Aktualności

By głos rolnika był bardziej słyszalny...


podpisywanie porozumienia - Przedstawiciele Podlaskiej Izby Rolniczej, Związku Rolników Kółek i Organizacji Rolniczych z Łomży, Suwałk i Białegostoku oraz związków zawodowych rolników: Solidarności, Samoobrony zadeklarowali współpracę, która ma pomóc

Porozumienie między Podlaską Izbą Rolniczą, a podlaskimi związkami zawodowymi rolników

Podjęcia przez parlament i Rząd zdecydowanych i skutecznych działań na rzecz poprawy sytuacji w rolnictwie domagają się podlaskie organizacje rolnicze. 13 lutego ich przedstawiciele podpisali porozumienie, w nadziei, że wspólne działanie da lepsze rezultaty w tym trudnym czasie.

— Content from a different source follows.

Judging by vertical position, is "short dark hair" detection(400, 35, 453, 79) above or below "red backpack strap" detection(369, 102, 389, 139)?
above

Pod deklaracją współpracy podpisali się przedstawiciele Podlaskiej Izby Rolniczej, Związku Rolników Kółek i Organizacji Rolniczych z Łomży, Suwałk i Białegostoku oraz związków zawodowych rolników: Solidarności, Samoobrony.

Przekonują, że „sytuacja finansowa gospodarstw rolnych jest krytyczna i grozi to szerokimi protestami społecznymi, które mogą przybrać niekontrolowany charakter”.

- Przecież rolnicy przez ostatni rok nie otrzymali dofinansowania z PROW na modernizację gospodarstw - zauważył Marek Żmujdzin z NSZZ RI Solidarność. - Teraz w czasie kryzysu mogą mieć problem z uzyskaniem wkładu własnego niezbędnego do skorzystania z dofinansowania. Może się okazać, że polscy rolnicy nie wykorzystają w znacznym stopniu unijnych funduszy.

Wśród czynników, które w najbardziej dotkliwy sposób wpłynęły na pogorszenie opłacalności produkcji rolniczej i spadek dochodów rolników wymieniony został m.in. 200-300 procentowy wzrost cen środków do produkcji, przy jednoczesnym spadku cen produktów, w tym mleka - podstawowego kierunku produkcji w naszym województwie.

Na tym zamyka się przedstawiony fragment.